Dan Sugalski wrote:
> 
> > existence of a $^T variable for controlling tainting in the same way
> > that $^W controls warnings. 
>
> So put in an RFC. :)

Dan-

Ask and ye shall receive...in POD format ala Tim...

BTW, I've posted this to both lists because your reply was. However,
since $^T wouldn't remove any functionality, unless someone had already
planned a use for it, further discussion can probably stay on
perl6-internals for now (unless you feel otherwise). Please CC: me as
I'm not on the internals list.

-Nate


=head1 TITLE

Allow on-the-fly tainting via the $^T variable

=head1 VERSION

Maintainer: Nathan Wiger <[EMAIL PROTECTED]>
Date: 31 July 2000
Version: 1
Mailing List: perl6-internals
Number: 1

=head1 Abstract

Currently, Perl requires that tainting be invoked along with the Perl
interpreter, via the -T switch. It would be nice if tainting could be
turned on and off at will via the $^T variable, just like $^W can be
used to toggle the -w warning flag.

=head1 Description

Because of the way tainting works, tracing all variables from inception
through destruction, right now tainting can only be turned on or off
globally via the -T switch. This leads to many problems, however, such
as reading a variable from a known-safe configuration file. For example:

   #! perl -T
   $ENV{PATH} = read_config_file();

is basically guaranteed to generate an "Insecure dependency in ..."
error.

The current workaround is the sacred untainting trick, i.e.

   #! perl -T
   my $unsafe = read_config_file();
   ($ENV{PATH}) = $unsafe =~ m#^(.*)$#s;    # untaint

However, as mentioned this is a workaround. While neat, it's still a
workaround...

Instead, it would be really cool if Perl6 let you do this:

   #! perl -T
   local($^T) = 0;
   $ENV{PATH} = read_config_file();
   local($^T) = 1;

Which would lead to several nifty side effects, such as:

   #! perl
   # turn on tainting only if the user said to
   $^T = 1 if $r->dir_config('PerlTaintChecks');

Hmmmmmm....

=head1 Implementation

This will avoid internals, but instead get into the details of how the
implementation should *act*:

   1. Have the tainting engine "trust" any variables declared
      when tainting is off. So:

         #! perl
         # engine assumes this is clean
         my $var = 'some_val';
         $^T = 1;
         $ENV{PATH} = $var;   # safe

      So, the tainting engine could trust $var just as if it
      had been the string '/usr/bin:/usr/sbin'.
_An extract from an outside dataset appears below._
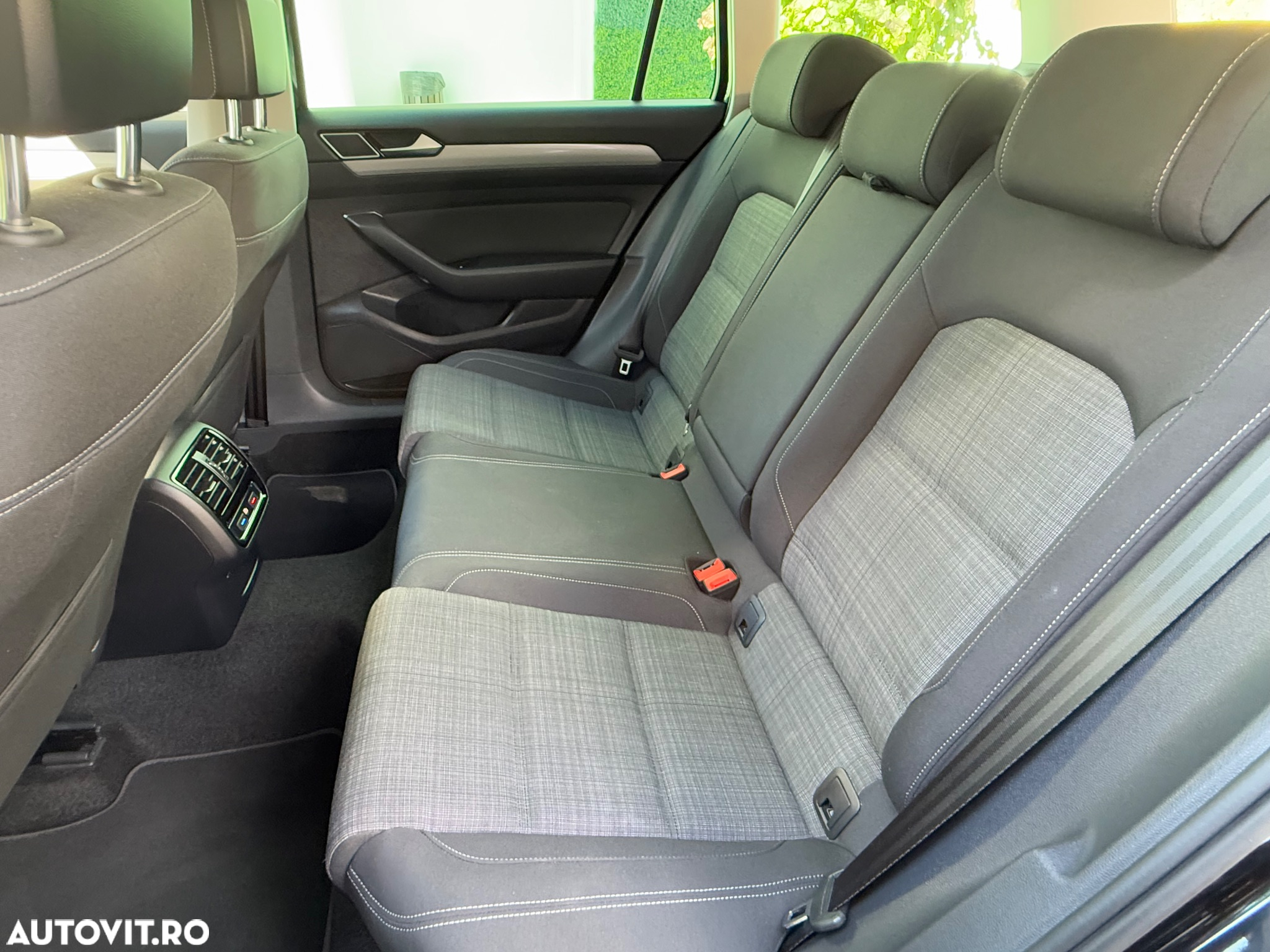 Volkswagen Passat Variant 2.0 TDI DSG Business - 15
   2. Nonetheless, have the tainting engine watch any tainted
      variables still. So, whatever scope (tainted or untainted)
      the variable is *initially declared in* is what it remains
      as:

         #! perl -T
         # this doesn't work, sorry
         my $unsafe_value = read_unsafe_value();
         $^T = 0;
         my $trick_var = $unsafe_value;   # try to sneak...
         $^T = 1; 
         $ENV{PATH} = $trick_var;  # nope! insecure still!

      That way, the $^T variable would not allow someone to
      easily shoot themselves in the foot by accidentally
      untainting the wrong thing.

   3. A true RFC: What to do about this?

         #! perl -T
         my $unsafe_value = read_unsafe_value();
         $^T = 0;
         my $trick_var = $unsafe_value;   # try to sneak...
         $ENV{PATH} = $trick_var;         # ???? ok ????

      The question here is: should stuff be implicitly tainted
      once tainting has been activated anywhere? There are two
      possibilities for setting $^T = 0:

         a) all tainting is turned off (like $^W)
         b) tainting for NEW OBJECTS ONLY is turned off

      So, under (a), the above would work fine, since tainting
      has simply been turned off. This is probably the most
      intuitive way to implement it.

      Idea (b) is a little more fancy. Here, existing objects
      that have already been tainted remain tainted. This just
      takes item #2 to the next step. The main difference is
      that (b) has a more "follow each variable" semantic to
      it. So, basically, once -T or $^T was specified, the
      tainting module would be active throughout the life
      of the script and watch any and all variables declared
      while $^T, even if $^T later = 0.